§ What you have to do: Below is a listing; repeat exactly the lines from the one containing "Marks and Spencer" to the one containing "Coque de protection", both included.

########################################

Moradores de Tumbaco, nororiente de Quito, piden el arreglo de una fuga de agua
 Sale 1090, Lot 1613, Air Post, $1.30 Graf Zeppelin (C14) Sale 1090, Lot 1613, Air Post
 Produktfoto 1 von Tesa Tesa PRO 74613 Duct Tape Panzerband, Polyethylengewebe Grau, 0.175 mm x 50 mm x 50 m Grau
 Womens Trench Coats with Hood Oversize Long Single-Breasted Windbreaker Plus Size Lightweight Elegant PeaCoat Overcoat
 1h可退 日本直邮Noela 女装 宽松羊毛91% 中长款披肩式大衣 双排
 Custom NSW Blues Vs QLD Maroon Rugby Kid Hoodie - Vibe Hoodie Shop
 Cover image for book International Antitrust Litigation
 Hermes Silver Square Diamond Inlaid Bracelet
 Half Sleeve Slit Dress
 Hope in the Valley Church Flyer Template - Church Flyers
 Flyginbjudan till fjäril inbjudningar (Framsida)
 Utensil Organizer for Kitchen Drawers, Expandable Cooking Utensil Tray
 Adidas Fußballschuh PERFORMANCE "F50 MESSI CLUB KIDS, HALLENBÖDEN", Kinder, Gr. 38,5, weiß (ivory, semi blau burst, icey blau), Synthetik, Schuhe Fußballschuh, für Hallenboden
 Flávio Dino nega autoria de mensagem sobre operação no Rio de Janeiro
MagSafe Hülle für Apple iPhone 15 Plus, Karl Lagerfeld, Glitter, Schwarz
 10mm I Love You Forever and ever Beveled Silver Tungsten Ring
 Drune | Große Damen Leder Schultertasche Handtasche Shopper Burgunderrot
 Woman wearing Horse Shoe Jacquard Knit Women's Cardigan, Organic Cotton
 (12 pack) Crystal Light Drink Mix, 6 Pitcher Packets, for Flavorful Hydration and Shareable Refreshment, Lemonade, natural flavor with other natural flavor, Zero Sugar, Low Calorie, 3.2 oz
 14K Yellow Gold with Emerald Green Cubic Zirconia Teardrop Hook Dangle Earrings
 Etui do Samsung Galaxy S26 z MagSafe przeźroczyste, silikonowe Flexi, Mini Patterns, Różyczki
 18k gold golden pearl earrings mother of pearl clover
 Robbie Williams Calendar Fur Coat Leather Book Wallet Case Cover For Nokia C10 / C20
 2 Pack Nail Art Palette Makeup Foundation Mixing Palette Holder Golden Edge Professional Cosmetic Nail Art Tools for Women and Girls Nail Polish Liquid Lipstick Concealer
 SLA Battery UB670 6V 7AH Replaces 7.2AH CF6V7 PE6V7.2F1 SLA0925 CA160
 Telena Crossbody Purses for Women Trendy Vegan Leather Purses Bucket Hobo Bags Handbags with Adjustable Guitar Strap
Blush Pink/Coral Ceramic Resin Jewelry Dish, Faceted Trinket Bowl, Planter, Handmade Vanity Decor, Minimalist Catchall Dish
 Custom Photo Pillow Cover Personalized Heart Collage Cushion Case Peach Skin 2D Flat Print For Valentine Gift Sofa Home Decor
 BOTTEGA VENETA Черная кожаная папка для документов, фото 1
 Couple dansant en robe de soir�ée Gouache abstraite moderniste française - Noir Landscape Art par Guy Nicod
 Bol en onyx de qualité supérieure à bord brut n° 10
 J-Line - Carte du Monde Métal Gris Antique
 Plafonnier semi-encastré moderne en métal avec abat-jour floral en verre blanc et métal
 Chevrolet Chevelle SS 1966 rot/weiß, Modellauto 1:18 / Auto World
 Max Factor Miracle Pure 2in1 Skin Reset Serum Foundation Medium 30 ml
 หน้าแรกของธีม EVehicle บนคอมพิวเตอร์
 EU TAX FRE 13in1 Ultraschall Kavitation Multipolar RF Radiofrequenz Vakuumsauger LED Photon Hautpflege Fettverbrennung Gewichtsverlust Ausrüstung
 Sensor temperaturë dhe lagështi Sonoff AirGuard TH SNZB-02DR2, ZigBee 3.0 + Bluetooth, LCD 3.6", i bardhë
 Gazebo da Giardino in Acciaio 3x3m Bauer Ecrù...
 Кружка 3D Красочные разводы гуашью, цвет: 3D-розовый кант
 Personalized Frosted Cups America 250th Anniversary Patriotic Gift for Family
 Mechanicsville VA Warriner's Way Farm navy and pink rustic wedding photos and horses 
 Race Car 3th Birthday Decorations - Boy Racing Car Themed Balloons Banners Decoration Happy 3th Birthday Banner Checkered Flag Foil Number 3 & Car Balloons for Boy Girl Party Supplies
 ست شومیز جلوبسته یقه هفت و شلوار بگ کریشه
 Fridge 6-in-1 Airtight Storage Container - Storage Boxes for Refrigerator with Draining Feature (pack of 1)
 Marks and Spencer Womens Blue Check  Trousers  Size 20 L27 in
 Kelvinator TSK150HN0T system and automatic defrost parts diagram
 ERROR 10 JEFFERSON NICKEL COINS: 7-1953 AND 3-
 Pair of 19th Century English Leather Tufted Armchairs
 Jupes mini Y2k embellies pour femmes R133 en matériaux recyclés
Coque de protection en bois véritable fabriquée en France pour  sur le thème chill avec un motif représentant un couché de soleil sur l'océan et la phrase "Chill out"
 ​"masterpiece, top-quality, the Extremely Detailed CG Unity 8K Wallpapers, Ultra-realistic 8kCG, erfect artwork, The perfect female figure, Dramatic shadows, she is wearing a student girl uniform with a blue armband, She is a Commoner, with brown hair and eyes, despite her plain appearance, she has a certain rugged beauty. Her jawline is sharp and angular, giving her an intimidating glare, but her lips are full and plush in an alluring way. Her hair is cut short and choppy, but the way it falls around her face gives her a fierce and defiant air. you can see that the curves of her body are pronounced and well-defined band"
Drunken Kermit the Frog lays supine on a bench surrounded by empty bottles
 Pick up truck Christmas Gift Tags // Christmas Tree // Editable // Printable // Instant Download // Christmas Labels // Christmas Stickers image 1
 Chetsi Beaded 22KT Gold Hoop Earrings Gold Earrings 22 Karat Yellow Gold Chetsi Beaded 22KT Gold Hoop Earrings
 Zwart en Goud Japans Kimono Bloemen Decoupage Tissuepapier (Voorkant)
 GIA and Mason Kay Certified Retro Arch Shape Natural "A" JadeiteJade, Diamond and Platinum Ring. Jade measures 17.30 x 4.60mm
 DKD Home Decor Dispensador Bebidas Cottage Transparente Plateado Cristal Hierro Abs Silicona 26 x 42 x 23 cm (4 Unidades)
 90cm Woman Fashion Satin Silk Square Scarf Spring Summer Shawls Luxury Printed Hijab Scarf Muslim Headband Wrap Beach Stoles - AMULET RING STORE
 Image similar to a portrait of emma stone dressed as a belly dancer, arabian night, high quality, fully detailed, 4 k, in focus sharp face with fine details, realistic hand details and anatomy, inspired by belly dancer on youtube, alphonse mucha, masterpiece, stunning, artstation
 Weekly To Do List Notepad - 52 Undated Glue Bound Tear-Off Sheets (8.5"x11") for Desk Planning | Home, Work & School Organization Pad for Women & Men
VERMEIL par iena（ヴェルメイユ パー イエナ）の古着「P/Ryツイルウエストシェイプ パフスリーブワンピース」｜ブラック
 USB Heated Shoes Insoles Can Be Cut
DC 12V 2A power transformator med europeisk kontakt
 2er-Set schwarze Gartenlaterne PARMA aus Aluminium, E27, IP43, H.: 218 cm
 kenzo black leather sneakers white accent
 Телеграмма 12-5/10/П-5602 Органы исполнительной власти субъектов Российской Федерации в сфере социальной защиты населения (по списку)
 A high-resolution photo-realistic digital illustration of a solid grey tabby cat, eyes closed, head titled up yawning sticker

########################################

§ Answer to this exercise:
 Marks and Spencer Womens Blue Check  Trousers  Size 20 L27 in
 Kelvinator TSK150HN0T system and automatic defrost parts diagram
 ERROR 10 JEFFERSON NICKEL COINS: 7-1953 AND 3-
 Pair of 19th Century English Leather Tufted Armchairs
 Jupes mini Y2k embellies pour femmes R133 en matériaux recyclés
Coque de protection en bois véritable fabriquée en France pour  sur le thème chill avec un motif représentant un couché de soleil sur l'océan et la phrase "Chill out"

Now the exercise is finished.